WHAT THIS TASK INVOLVES
Once you reach the line that holds "Kut from the" in the listing below, output it and every line after it through the line that holds "Sanders & Sanders", word for word.

EXCERPTED RECORDS
- Opening Delimiter -

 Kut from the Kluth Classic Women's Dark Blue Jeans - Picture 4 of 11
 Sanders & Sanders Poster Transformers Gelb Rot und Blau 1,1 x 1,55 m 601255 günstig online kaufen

- Closing Delimiter -
- Opening Delimiter -

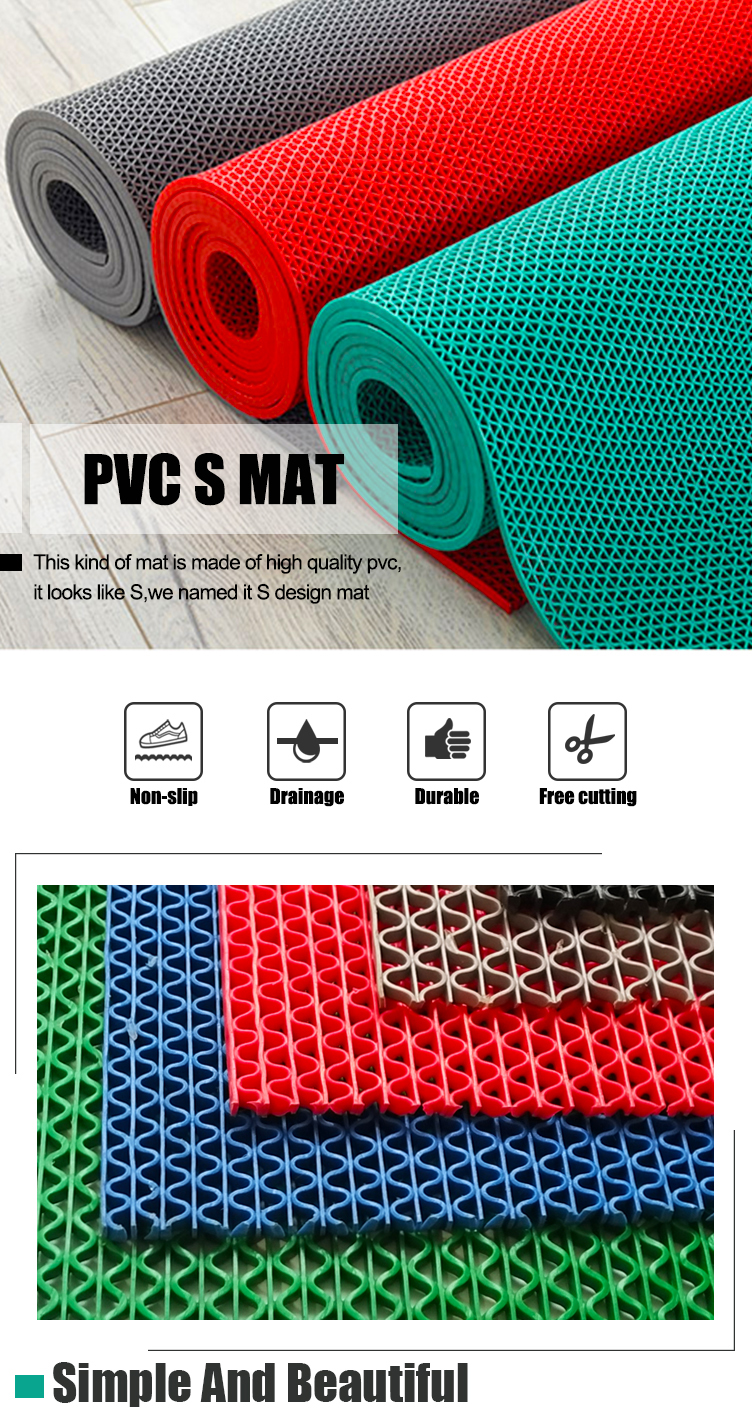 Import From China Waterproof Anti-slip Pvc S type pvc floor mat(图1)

- Closing Delimiter -
- Opening Delimiter -

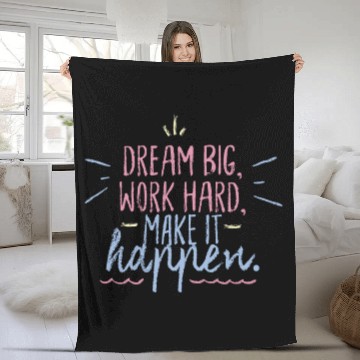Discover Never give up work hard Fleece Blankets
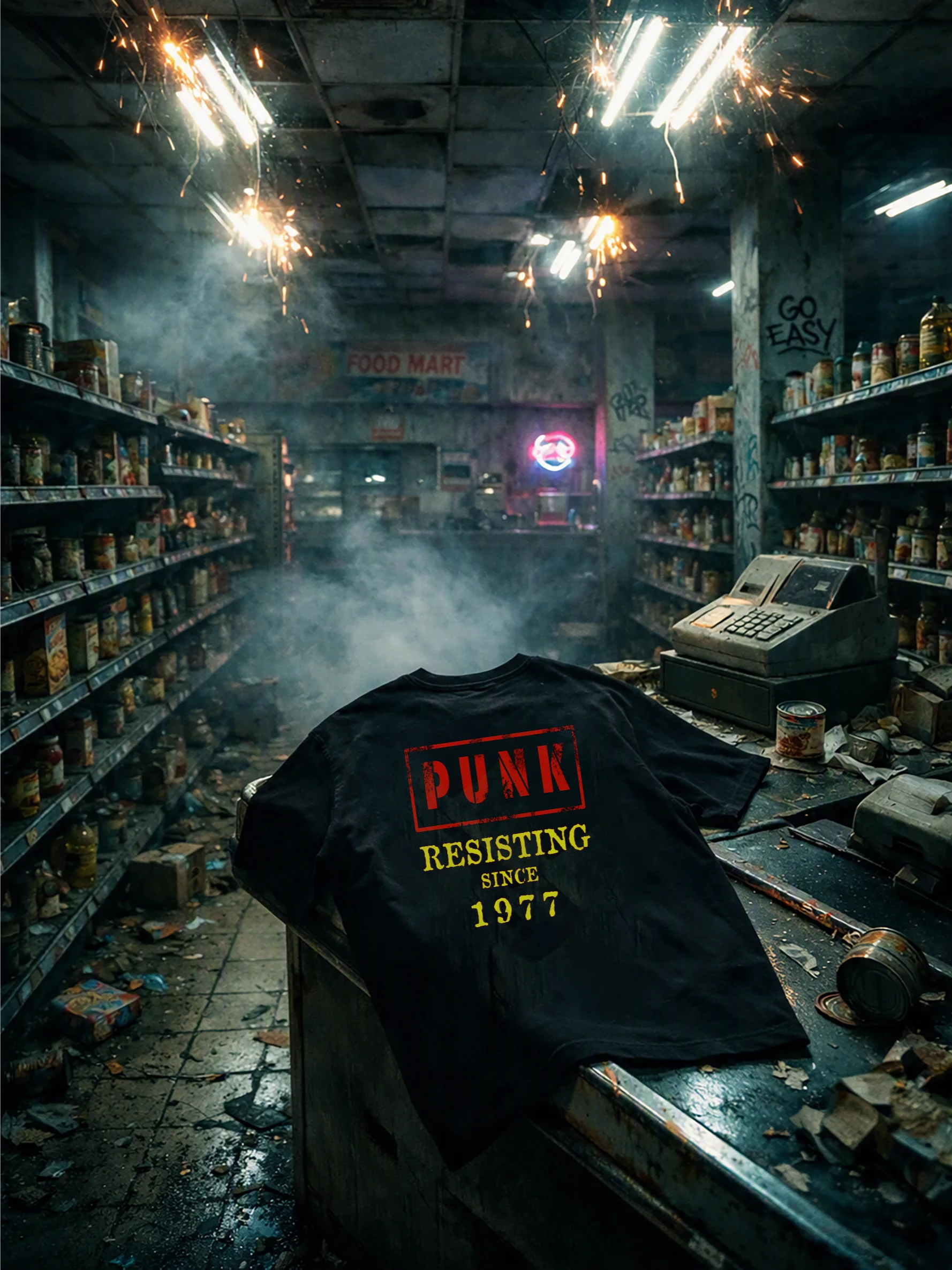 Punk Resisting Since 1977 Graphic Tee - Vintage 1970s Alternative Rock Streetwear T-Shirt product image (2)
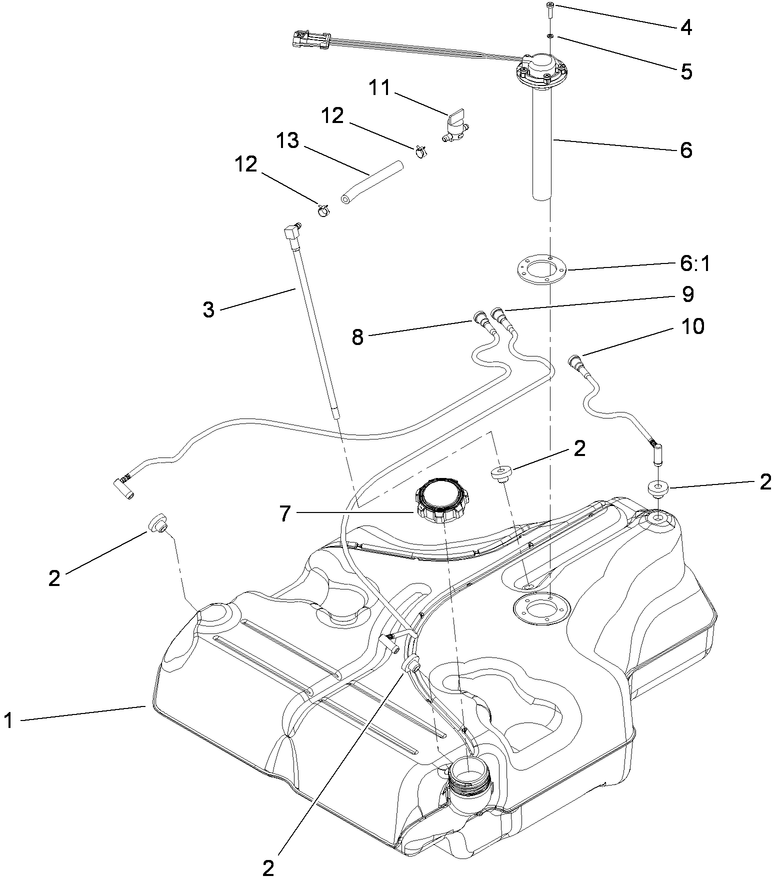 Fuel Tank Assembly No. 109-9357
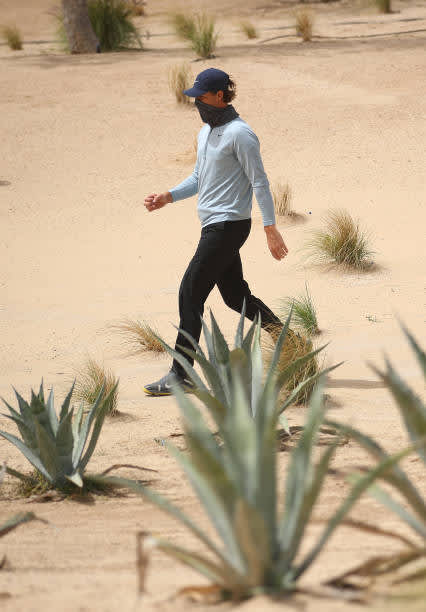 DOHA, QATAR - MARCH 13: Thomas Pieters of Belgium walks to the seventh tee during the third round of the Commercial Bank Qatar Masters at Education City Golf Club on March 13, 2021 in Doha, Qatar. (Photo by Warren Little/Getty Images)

- Closing Delimiter -

SOLUTION BELOW
 Kut from the Kluth Classic Women's Dark Blue Jeans - Picture 4 of 11
 Sanders & Sanders Poster Transformers Gelb Rot und Blau 1,1 x 1,55 m 601255 günstig online kaufen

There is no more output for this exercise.